Vendors and providers have also helped fill some gaps with regular visits to campus to provide learning opportunities.
“We have a large student workforce,” says Moore. “Students work in the software security center and the network operations center. That gives them hands-on skills in technology and project management, and they can even get certified before they graduate. It gives our students a lot of pride.”
Bennett College Upgrades Wi-Fi and Creates a Community Program
When Bennett College received its nearly $700,000 CMC grant in 2023, IT Director Mondrail Myrick earmarked the funds for campus Wi-Fi upgrades.

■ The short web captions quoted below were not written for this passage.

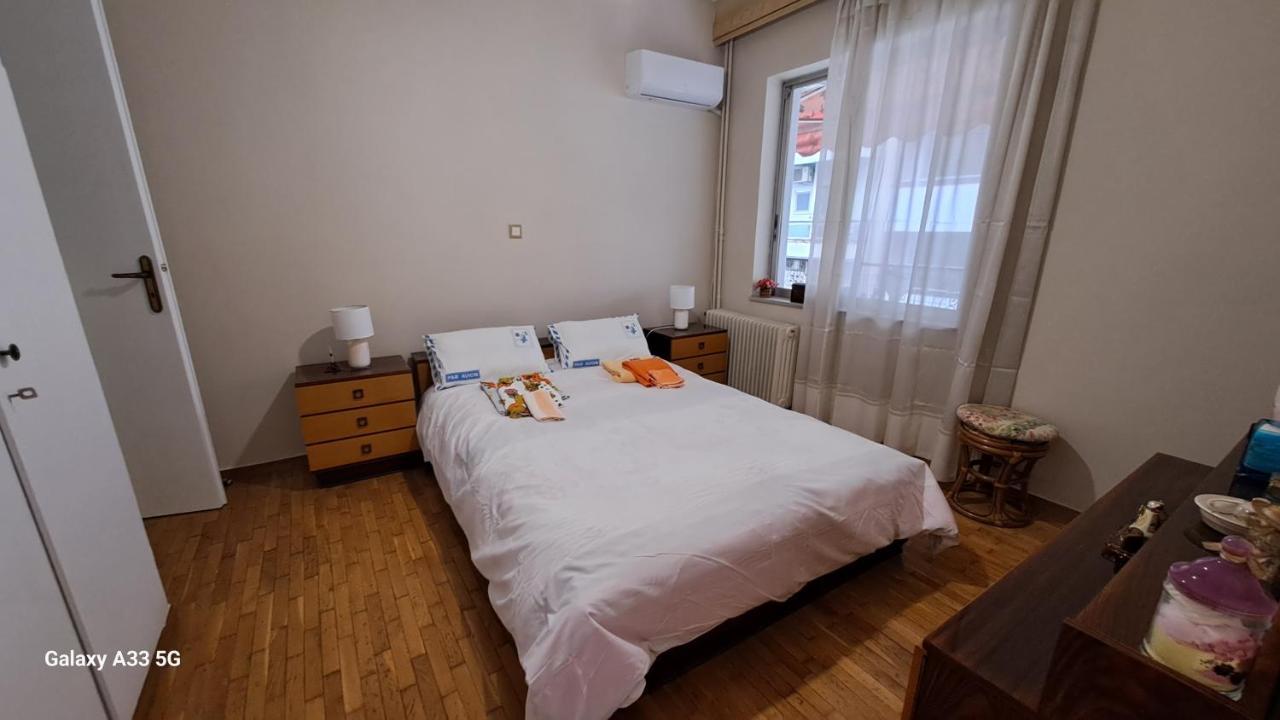 Sq Varnava Appartment Atene Esterno foto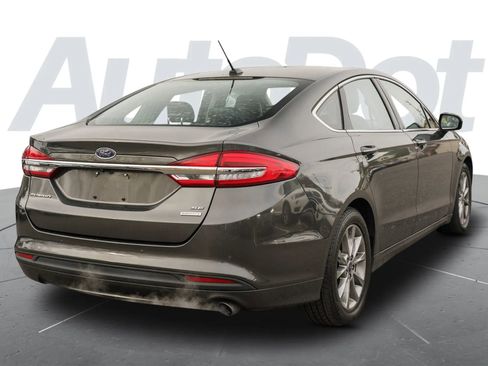 Used 2017 Ford Fusion SE w/ Fusion SE Technology Package image 3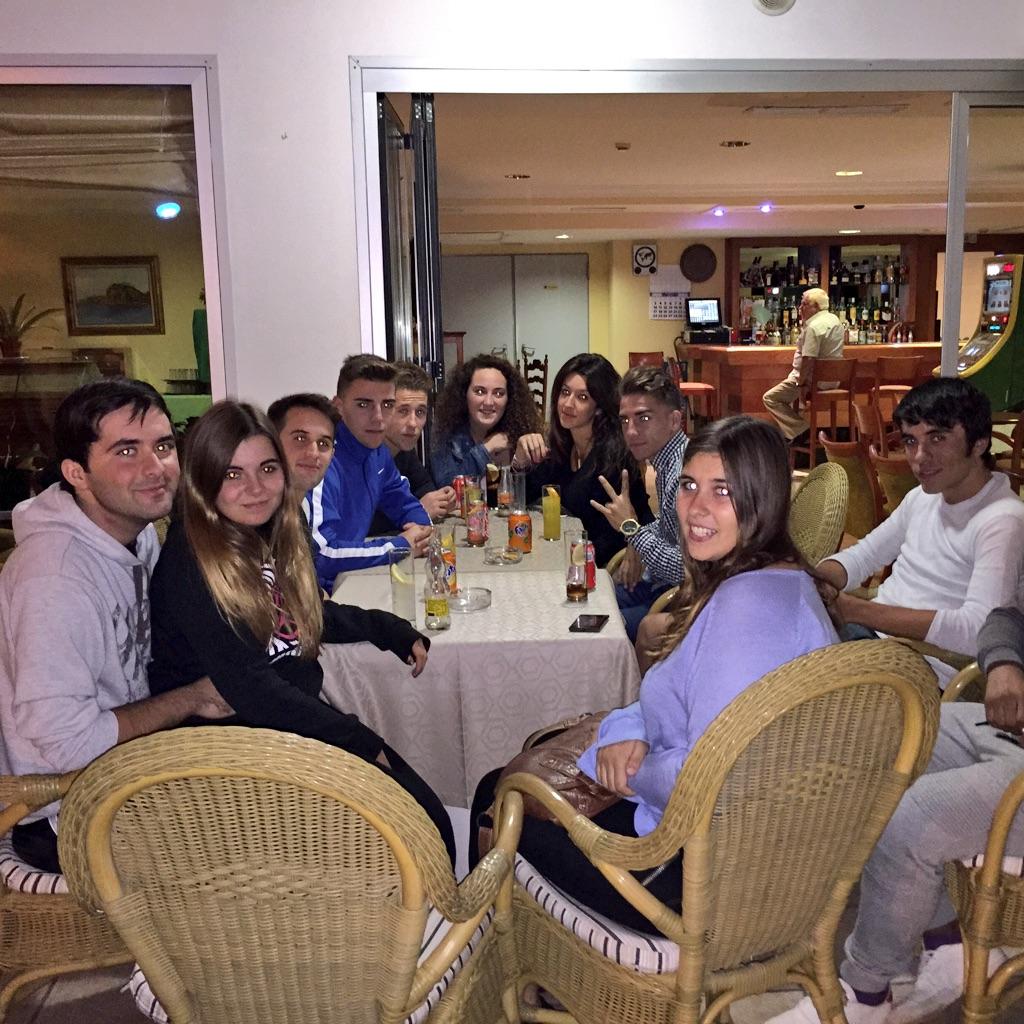 jordanth1's tweet photo. Terminó mi temporada! Tarde libre en el Leo #InviernoIsComing http://t.co/JMsq2uaW2V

However, he also used some of the grant for a unique, no-cost, one-year certificate program called E-CAMP, in which community members and Bennett students together study entrepreneurship, coding and artificial intelligence.
Bennett, an all-women undergraduate HBCU located in Greensboro, N.C., has already graduated its first cohort of students from the E-CAMP program.
Joan Williams, the E-CAMP program director and director of library services at Bennett, both managed and participated in the first year of the program.
“We started with about 25 in the coding class and 10 in the entrepreneurship class,” says Williams. “For the community, it was an opportunity upscale their skills and potentially move into a different arena.”
LEARN MORE: How community partnerships propel one college’s technology center.
Tioluwani Onadeji, a senior at Bennett majoring in computer science, was also in the first cohort of the E-CAMP program.
“It was an opportunity to get certified in Python,” says Onadeji. “We learned about how it was used for AI and cybersecurity.”
Because she was already familiar with computer languages, Onadeji helped other students during study sessions. She also learned from and networked with instructors from North Carolina Agricultural and Technical State University, the largest HBCU in the area, which partnered with Bennett for the E-CAMP program.
“The A&T professor kept asking me what graduate programs I had applied to, and was inspirational in moving me forward. Another student in the class told me about a Ph.D. program where I could apply for a full scholarship,” says Onadeji.
The second cohort started in the winter of 2024. Williams is hopeful for the future.
“I want the community to see Bennett as a resource that can help people,” she says, “whether they want to move into something different or strengthen their skills where they are.”